--- What you have to do ---
Set down exactly the lines below, from the one containing "Auto Blueberry growlog timeline photo" through the final line, and include no others.

Web page caption snippets
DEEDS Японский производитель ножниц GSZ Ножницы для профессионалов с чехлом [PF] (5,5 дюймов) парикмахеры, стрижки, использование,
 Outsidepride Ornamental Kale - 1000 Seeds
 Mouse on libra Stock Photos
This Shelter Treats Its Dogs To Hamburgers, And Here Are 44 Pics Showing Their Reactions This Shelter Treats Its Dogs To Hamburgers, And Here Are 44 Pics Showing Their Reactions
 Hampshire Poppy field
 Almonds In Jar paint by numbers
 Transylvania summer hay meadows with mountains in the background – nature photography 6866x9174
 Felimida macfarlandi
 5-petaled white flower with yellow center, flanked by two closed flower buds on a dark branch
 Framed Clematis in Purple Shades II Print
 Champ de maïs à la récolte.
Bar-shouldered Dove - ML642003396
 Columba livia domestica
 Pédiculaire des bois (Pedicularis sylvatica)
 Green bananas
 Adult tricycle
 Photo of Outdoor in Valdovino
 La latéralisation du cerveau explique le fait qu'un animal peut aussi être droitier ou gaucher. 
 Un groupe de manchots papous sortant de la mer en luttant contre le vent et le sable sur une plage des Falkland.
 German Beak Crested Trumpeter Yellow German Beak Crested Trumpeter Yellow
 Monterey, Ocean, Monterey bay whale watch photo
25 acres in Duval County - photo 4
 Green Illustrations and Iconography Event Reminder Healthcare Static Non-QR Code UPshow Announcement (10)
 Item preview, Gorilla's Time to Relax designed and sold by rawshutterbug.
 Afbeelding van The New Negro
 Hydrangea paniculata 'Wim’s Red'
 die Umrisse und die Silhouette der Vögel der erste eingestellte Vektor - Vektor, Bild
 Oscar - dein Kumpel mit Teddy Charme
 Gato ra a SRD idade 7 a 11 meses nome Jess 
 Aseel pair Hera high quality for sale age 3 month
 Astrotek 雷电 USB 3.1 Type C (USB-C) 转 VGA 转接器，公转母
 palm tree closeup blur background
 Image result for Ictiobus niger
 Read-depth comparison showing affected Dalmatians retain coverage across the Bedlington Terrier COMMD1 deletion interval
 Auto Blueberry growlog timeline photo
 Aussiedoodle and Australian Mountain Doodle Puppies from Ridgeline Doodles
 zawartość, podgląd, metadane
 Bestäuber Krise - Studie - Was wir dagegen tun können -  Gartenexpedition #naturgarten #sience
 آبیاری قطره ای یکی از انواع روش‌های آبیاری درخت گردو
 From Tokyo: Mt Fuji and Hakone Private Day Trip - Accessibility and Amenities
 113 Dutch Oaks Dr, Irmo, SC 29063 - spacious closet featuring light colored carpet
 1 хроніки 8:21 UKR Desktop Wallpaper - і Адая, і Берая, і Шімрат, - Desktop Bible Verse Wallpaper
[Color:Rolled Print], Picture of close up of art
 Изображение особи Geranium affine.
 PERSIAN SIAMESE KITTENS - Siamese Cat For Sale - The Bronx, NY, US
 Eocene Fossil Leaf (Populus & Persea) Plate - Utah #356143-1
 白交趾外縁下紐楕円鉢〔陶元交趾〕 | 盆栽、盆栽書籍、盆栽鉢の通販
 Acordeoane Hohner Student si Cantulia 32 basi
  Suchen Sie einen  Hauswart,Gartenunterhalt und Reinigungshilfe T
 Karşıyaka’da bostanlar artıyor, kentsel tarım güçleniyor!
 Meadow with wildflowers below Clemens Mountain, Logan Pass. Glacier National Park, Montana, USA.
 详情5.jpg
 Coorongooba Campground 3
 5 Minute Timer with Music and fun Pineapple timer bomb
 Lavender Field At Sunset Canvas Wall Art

--- Output of the exercise ---
 Auto Blueberry growlog timeline photo
 Aussiedoodle and Australian Mountain Doodle Puppies from Ridgeline Doodles
 zawartość, podgląd, metadane
 Bestäuber Krise - Studie - Was wir dagegen tun können -  Gartenexpedition #naturgarten #sience
 آبیاری قطره ای یکی از انواع روش‌های آبیاری درخت گردو
 From Tokyo: Mt Fuji and Hakone Private Day Trip - Accessibility and Amenities
 113 Dutch Oaks Dr, Irmo, SC 29063 - spacious closet featuring light colored carpet
 1 хроніки 8:21 UKR Desktop Wallpaper - і Адая, і Берая, і Шімрат, - Desktop Bible Verse Wallpaper
[Color:Rolled Print], Picture of close up of art
 Изображение особи Geranium affine.
 PERSIAN SIAMESE KITTENS - Siamese Cat For Sale - The Bronx, NY, US
 Eocene Fossil Leaf (Populus & Persea) Plate - Utah #356143-1
 白交趾外縁下紐楕円鉢〔陶元交趾〕 | 盆栽、盆栽書籍、盆栽鉢の通販
 Acordeoane Hohner Student si Cantulia 32 basi
  Suchen Sie einen  Hauswart,Gartenunterhalt und Reinigungshilfe T
 Karşıyaka’da bostanlar artıyor, kentsel tarım güçleniyor!
 Meadow with wildflowers below Clemens Mountain, Logan Pass. Glacier National Park, Montana, USA.
 详情5.jpg
 Coorongooba Campground 3
 5 Minute Timer with Music and fun Pineapple timer bomb
 Lavender Field At Sunset Canvas Wall Art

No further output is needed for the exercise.